Peran Prita di Satpas
Di Satpas Polresta Sidoarjo, Prita bertugas membantu pelayanan informasi dan pendampingan bagi masyarakat yang mengurus administrasi SIM. Dengan keramahan dan semangatnya, kehadiran Prita disebut membawa energi positif bagi lingkungan pelayanan publik. Ia mengaku bersyukur mendapat kesempatan ini.
"Saya senang dan bangga bisa menjadi bagian dari pelayanan di Satpas. Semoga ini bisa memotivasi teman-teman difabel lainnya agar tetap percaya diri dan terus berkarya," kata Prita, dilansir detikJatim, Selasa (19/5/2026).
Komitmen Polresta Sidoarjo
Kapolresta Sidoarjo Kombes Christian Tobing mengatakan langkah ini merupakan bentuk nyata kepedulian terhadap kesetaraan kesempatan kerja bagi kaum difabel. Christian menyampaikan bahwa kehadiran Prita di lingkungan pelayanan Satpas merupakan komitmen Polresta dalam menghadirkan pelayanan yang humanis dan ramah bagi seluruh lapisan masyarakat.

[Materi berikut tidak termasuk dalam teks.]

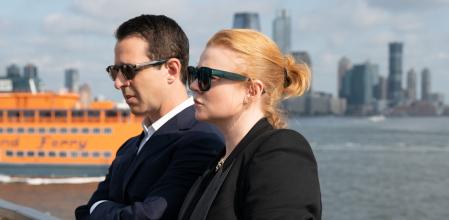 Jeremy Strong y Sarah Snook, contendientes al Emmy por este episodio.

"Kami ingin menunjukkan bahwa teman-teman difabel memiliki kemampuan dan kesempatan yang sama untuk berkarya serta memberikan pelayanan kepada masyarakat," ujar Christian.
Apresiasi dari Masyarakat
Program pelayanan inklusif yang dijalankan Polresta Sidoarjo juga mendapat apresiasi dari masyarakat dan komunitas disabilitas. Mereka menilai langkah tersebut tidak hanya membuka peluang kerja bagi difabel, tetapi juga membangun kesadaran bahwa pelayanan publik harus dapat diakses dan melibatkan semua kalangan tanpa diskriminasi.
Selain menghadirkan petugas difabel, Polresta Sidoarjo juga terus meningkatkan fasilitas ramah disabilitas di area pelayanan, mulai dari akses kursi roda, jalur khusus, hingga ruang pelayanan yang lebih nyaman bagi penyandang disabilitas.